Marguerita d’Oingt († 11. Februar 1310) war eine französische Ordensfrau, Mystikerin und Schriftstellerin auf Lateinisch und Frankoprovenzalisch.
Leben und Werk
Marguerita d'Oingt stammte aus der Familie der seit dem 11. Jahrhundert erwähnten Herren von Oingt, eines Dorfes in der heutigen Gemeinde Val d’Oingt im Beaujolais, etwa zwanzig Kilometer nordwestlich von Lyon. Ihr Vater war Guichard d’Oingt, wie aus dessen Testament vom Jahr 1297 hervorgeht, das eine Vergabung an seine Tochter enthält, und ihre Mutter hieß ebenfalls Marguerita. Ihre fünf Geschwister waren Guichard, Louis, Catherine, Agnes und Isabelle. An den Innenwänden der ehemaligen Burgkapelle von Oingt, der heutigen Pfarrkirche der Ortschaft, sind Porträtskulpturen des 13. Jahrhunderts erhalten, die diesen Personen zugeschrieben werden; somit dürfte eines der seltenen Bildnisse die Nonne und Autorin Marguerita d'Oingt darstellen.
Das Geburtsdatum Margueritas ist nicht bekannt. Sie trat dem Kartäuserorden bei und wurde 1288 als vierte Priorin der 1238 gegründeten Kartause Poleteins eingesetzt, die auf dem Gebiet der Gemeinde Mionnay (Département Ain, nordöstlich von Lyon) bis im 17. Jahrhundert bestand. Nach ihrem Tod am 11. Februar 1310 genoss Marguerita d'Oingt in der Region des Beaujolais bis zum Ende des Ancien Règime eine hohe Verehrung.
In den 1280er Jahren entstanden die ersten Schriften von Marguerita d'Oingt. Sie zählt zusammen mit Marie de France (1160–1210) und Christine de Pisan (1364–1430) zu den frühesten heute bekannten Schriftstellerinnen Frankreichs. Als gebildete Ordensfrau verfasste sie 1286 eine lateinische Andachtsschrift mit der Überschrift Pagina meditationum.
Ihre beiden umfangreichen Werke Li Via seiti Biatrix, virgina de Ornaciu und Speculum sind literatur- und sprachgeschichtlich von großer Bedeutung, stellen sie doch die ältesten bekannten Texte der frankoprovenzalischen Literatur dar. Ersteres ist eine hagiographische Lebensbeschreibung der Kartäuserin Béatrice d'Ornacieux, und der Speculum, zu Deutsch «Spiegel», gehört zu der im Mittelalter verbreiteten literarischen Textgattung der Lehrdichtung. Das Generalkapitel des Kartäuserordens genehmigte die mystischen Texte der Priorin von Poleteins als mit den Ordensgrundsätzen übereinstimmende Schriften.
Literatur
- Marguerite d'Oingt.
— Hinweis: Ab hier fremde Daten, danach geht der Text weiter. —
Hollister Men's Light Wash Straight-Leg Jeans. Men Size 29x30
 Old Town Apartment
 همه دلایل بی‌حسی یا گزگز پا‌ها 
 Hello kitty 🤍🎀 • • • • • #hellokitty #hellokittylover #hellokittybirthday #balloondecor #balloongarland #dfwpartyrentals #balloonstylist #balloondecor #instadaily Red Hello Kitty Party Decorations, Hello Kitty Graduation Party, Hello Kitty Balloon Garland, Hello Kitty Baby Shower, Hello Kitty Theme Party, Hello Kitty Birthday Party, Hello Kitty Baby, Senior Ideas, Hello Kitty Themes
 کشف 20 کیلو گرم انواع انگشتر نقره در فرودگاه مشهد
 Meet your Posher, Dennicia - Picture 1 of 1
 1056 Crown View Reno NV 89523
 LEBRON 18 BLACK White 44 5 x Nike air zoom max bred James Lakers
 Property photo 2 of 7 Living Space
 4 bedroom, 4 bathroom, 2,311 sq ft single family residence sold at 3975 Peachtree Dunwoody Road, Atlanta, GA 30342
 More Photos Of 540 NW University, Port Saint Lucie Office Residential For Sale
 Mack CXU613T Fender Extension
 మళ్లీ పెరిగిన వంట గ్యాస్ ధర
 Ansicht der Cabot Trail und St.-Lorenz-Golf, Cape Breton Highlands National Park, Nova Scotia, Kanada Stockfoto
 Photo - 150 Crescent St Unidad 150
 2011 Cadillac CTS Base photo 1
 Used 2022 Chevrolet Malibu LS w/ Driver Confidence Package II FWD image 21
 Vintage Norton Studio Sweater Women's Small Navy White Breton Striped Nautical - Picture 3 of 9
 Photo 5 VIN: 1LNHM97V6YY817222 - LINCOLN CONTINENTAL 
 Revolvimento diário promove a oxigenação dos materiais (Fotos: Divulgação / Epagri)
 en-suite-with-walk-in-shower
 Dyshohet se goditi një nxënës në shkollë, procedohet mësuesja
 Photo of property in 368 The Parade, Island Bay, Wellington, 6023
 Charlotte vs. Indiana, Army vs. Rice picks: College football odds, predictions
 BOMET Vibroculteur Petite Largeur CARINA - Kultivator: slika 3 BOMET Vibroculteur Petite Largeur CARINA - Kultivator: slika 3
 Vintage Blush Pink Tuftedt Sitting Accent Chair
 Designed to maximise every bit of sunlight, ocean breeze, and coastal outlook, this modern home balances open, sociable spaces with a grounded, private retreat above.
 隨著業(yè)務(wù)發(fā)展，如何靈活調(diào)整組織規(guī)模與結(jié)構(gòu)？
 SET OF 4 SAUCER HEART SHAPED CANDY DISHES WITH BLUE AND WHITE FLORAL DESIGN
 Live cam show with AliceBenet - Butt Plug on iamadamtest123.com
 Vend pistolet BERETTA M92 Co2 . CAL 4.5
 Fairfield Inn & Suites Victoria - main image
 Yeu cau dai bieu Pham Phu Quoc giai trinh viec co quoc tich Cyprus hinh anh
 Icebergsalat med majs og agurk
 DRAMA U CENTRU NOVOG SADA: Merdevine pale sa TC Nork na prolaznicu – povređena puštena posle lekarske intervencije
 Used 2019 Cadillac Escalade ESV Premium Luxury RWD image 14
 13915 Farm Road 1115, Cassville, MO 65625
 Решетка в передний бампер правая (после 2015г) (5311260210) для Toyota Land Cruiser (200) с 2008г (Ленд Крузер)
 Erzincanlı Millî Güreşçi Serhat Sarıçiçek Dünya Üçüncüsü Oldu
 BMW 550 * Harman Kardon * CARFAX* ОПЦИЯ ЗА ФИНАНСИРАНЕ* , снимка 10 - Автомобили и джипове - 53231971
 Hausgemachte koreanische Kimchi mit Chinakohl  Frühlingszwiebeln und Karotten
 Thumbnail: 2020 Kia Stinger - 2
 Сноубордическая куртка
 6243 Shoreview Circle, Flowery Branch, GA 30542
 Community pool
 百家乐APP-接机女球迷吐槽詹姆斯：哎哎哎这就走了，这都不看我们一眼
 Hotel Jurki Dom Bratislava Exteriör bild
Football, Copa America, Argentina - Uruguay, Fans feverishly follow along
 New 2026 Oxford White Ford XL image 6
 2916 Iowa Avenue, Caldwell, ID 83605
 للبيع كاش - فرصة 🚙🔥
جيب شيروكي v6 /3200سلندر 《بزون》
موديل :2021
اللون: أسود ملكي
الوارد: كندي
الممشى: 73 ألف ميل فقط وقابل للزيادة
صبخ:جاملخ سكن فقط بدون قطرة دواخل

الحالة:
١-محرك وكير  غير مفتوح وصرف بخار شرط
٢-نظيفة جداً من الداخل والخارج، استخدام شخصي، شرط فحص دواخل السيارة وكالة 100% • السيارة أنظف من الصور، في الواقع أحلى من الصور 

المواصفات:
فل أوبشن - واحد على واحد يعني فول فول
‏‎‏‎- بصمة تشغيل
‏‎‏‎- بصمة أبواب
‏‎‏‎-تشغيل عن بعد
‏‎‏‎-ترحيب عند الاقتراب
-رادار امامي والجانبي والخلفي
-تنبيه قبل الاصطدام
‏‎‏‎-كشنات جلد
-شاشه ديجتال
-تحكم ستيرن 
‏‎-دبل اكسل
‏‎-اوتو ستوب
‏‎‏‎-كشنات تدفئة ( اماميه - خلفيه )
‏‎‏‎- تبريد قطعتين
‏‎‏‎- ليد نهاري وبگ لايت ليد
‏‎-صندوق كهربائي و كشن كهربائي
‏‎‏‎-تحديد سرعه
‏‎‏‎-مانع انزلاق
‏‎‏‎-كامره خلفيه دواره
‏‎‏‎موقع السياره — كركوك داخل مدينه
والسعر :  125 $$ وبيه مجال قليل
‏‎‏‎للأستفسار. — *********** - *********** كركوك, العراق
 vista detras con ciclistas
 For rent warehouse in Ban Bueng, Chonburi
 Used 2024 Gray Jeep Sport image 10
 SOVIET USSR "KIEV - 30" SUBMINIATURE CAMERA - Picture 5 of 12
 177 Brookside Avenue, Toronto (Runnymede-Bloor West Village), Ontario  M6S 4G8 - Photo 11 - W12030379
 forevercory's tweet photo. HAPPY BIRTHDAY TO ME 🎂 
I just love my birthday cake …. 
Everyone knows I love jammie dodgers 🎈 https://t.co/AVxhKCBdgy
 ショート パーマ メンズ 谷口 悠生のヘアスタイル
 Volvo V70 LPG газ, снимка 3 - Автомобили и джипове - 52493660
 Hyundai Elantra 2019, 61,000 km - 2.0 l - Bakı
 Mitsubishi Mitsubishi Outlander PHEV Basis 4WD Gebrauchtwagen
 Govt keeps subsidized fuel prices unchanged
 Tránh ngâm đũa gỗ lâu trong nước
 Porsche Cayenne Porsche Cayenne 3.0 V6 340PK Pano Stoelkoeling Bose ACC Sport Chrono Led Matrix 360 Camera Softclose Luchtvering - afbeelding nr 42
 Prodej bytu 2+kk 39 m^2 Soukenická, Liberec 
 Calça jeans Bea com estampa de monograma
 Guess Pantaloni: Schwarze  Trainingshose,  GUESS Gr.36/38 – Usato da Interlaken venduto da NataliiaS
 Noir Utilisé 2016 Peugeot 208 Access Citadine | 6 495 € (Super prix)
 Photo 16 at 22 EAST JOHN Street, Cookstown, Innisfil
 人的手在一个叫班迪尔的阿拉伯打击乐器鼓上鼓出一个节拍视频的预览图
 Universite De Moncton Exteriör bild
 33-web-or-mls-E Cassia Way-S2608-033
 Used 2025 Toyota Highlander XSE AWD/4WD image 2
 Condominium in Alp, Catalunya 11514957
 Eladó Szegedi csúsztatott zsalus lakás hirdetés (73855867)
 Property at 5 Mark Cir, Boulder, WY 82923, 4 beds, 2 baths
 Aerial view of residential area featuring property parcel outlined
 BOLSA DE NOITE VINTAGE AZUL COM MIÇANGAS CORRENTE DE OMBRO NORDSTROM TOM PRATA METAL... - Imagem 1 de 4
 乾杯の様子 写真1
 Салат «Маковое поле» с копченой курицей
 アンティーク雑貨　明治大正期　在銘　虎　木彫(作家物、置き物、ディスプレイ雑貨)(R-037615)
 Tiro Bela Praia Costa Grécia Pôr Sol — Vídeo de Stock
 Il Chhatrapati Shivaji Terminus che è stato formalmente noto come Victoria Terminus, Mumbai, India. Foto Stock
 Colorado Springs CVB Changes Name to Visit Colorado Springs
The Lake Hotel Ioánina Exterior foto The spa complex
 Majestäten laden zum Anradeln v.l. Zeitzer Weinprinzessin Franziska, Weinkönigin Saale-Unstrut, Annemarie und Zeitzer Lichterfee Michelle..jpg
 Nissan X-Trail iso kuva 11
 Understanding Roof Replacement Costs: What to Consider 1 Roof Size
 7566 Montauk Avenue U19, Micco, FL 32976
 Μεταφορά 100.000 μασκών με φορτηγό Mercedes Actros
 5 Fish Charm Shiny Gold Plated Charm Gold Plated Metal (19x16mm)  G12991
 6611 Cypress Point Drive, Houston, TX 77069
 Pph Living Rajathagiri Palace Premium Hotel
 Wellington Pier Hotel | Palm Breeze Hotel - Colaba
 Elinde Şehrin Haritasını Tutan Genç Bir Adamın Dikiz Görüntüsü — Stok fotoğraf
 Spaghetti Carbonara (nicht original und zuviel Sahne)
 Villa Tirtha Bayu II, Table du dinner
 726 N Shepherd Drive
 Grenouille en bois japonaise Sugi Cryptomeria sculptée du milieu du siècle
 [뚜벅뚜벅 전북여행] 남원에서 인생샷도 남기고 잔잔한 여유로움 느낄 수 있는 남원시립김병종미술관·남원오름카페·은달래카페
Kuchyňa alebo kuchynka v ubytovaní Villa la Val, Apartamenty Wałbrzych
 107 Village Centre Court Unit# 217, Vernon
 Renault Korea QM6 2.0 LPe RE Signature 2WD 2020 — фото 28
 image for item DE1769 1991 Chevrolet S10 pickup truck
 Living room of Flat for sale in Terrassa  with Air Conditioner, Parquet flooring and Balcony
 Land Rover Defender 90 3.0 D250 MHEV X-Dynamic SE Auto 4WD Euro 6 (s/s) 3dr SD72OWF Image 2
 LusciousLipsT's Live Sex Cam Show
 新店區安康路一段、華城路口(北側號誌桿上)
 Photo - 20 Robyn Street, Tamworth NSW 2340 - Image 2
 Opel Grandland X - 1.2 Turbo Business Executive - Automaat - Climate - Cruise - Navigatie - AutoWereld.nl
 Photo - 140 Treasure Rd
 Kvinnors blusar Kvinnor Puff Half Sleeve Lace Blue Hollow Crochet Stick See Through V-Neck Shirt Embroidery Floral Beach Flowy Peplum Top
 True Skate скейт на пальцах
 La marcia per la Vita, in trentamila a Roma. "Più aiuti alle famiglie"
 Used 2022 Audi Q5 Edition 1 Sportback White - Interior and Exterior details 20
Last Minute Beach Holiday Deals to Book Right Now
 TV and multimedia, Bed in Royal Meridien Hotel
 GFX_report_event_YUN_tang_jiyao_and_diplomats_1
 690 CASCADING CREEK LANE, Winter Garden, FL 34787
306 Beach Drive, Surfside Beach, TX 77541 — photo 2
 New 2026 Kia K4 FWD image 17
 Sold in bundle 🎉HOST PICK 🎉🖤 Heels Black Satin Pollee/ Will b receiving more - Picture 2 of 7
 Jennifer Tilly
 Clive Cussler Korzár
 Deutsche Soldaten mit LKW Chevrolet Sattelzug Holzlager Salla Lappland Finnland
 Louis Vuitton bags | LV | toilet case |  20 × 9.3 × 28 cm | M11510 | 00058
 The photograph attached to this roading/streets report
Expériences mystiques et récits édifiants Textes rédigés en francoprovençal et en latin par une moniale du XIIIe siècle. Dreisprachige Ausgabe, Frankoprovenzalisch und Lateinisch mit französischer Übersetzung. Lyon 2012.
- Édouard Philipon (Hrsg.): Œuvres de Marguerite d’Oyngt, prieure de Poleteins, publiées d’après le manuscrit unique de la Bibliothèque municipale de Grenoble. Lyon 1877.
- Antonin Duraffour, Pierre Gardette, Paulette Durdilly (Hrsg.): Les Œuvres de Marguerite d'Oingt. Paris 1965.
- Renate Blumenfeld-Kosinski: The writings of Margaret of Oingt, Medieval Prioress and Mystic. Rochester NY 1990.
- Bruno Galland: La seigneurie d'Oingt au Moyen Âge. In: Chroniques du pays beaujolais. Bulletin de l'Académie de Villefranche-sur-Saône 1989–1990, 1991, S. 57–72.
- Sergi Sancho Fibla: Escribir y meditar. Las obras de Marguerite d'Oingt, cartuja del siglo XIII. Madrid 2018.
Einzelnachweise
- ↑ Archives nationales, Paris, P 1360, Nr. 888.